UPDATE: Peabody Energy 2Q Net Up 38%, Raises Full-Year Guidance
19 Luglio 2011 - 7:31PM
Dow Jones News
Peabody Energy Corp.'s (BTU) second-quarter profit rose 38% as
higher coal prices and increased sales in Australia outweighed the
drag from disruptions due to flooding in the U.S.
The largest U.S. coal producer by output raised its full-year
earnings projection to $4.20 to $4.60 a share. Its April guidance
called for $3.50 to $4.50. For the third quarter, the company
predicted earnings of $1.05 to $1.25 cents a share, below analysts'
estimated $1.40 a share.
Peabody recently has been named in a set of deals that would
expand its access to booming markets in Asia.
Earlier this month, the company made a joint bid with
ArcelorMittal (MT, MT.AE) to acquire Australian coal miner
Macarthur Coal Ltd. (MCC.AU) for $5.05 billion. Peabody is in
negotiations with the Mongolian government to develop the Tavan
Tolgoi coal mine, one of the world's largest untapped coal
deposits. And last week Peabody said it had entered into an initial
agreement with the government of Xinjiang Uighur Autonomous Region
in northwestern China to develop a large open-pit coal mine.

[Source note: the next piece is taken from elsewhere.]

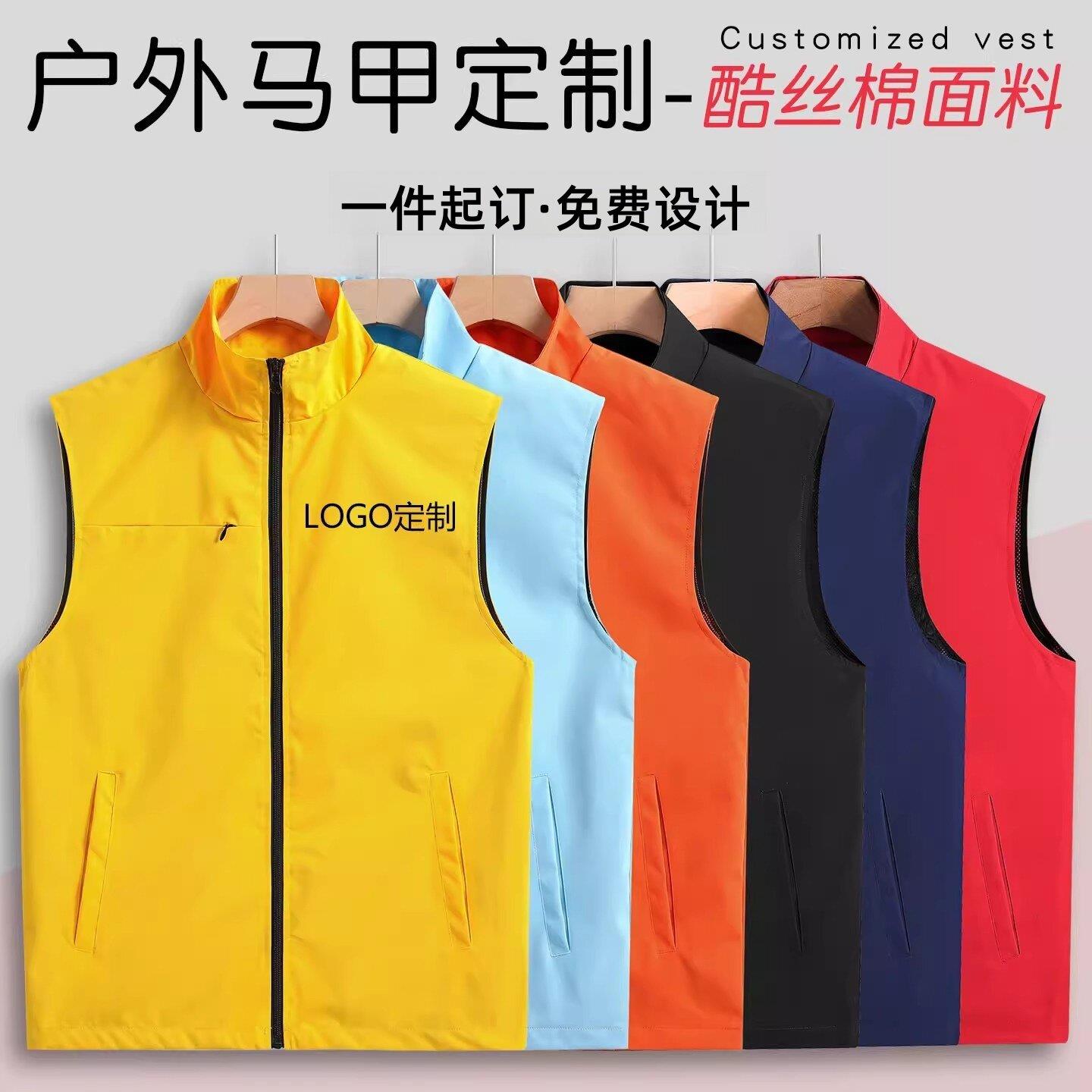 马甲工作服定制印logo餐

Peabody executives left the door open to further acquisitions,
with Chief Executive Gregory Boyce on Tuesday highlighting the
company's preference for assets that can easily access global
export markets.
"We have a high preference for those areas and those products
that can access seaborne markets," Boyce said on a conference call
to discuss the company's second-quarter results. The company's
recently announced developments in China are both "in close
proximity to the fastest (growing) and largest coal markets in the
world," he added.
Rapid growth in China and India continues to underpin rising
global demand for coal for steelmaking and electricity
generation.
For the second quarter, Peabody posted a profit of $284.8
million, or $1.05 a share, up from $206.2 million, or 76 cents a
share, a year ago. The most recent quarter includes $24.5 million
in litigation charges. Excluding remeasurement expenses, earnings
from continuing operations rose to $1.11 from 69 cents. The company
in April forecast earnings between 85 cents and $1.10, below
analyst estimates at the time.
"With another solid quarter, and a sizable guidance raise, we'd
expect Peabody to be fairly strong," Brean Murray, Carret & Co.

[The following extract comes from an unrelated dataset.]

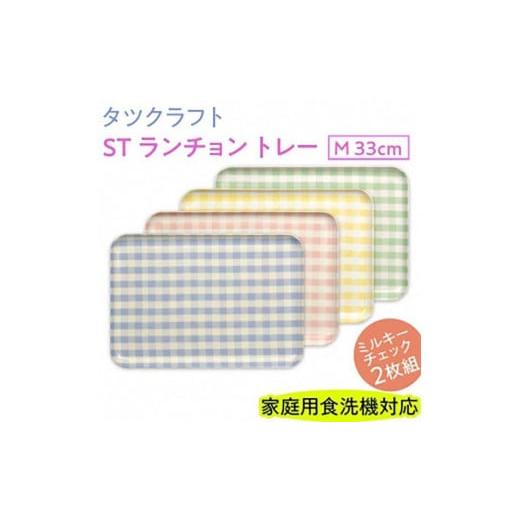 ふるさと納税 雑貨・日用品 和歌山県 那智勝浦町 ピンク×イエロー2枚組 ST ランチョン トレー M 33cm ミルキー チェック タツクラフト Tk81 ピンク×イエロ…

analyst Jeremy Sussman said in a note. "We remain buyers of
Peabody."
Revenue rose 21% to $2.01 billion, matching analyst
estimates.
Operating margin widened to 22.8% from 19.5%, and operating
profit per ton jumped 45%. Revenue per ton in the U.S. increased 3%
as revenue per ton in Australia increased 38%.
Flooding and rail transportation constraints limited sales in
the U.S. Midwest and Wyoming's Powder River Basin. The company said
it also faced increased operating costs in its Australian business
because of a stronger Australian dollar and lingering logistical
difficulties after widespread flooding earlier this year.
Peabody's also received a boost from strong results in its
trading and resources management operations, which posted revenue
of $114 million, up 40% from 2010 levels.
Shares were up 0.5% at $60.17 in midday trading. The stock has
gained 42% over the past year through Monday's close.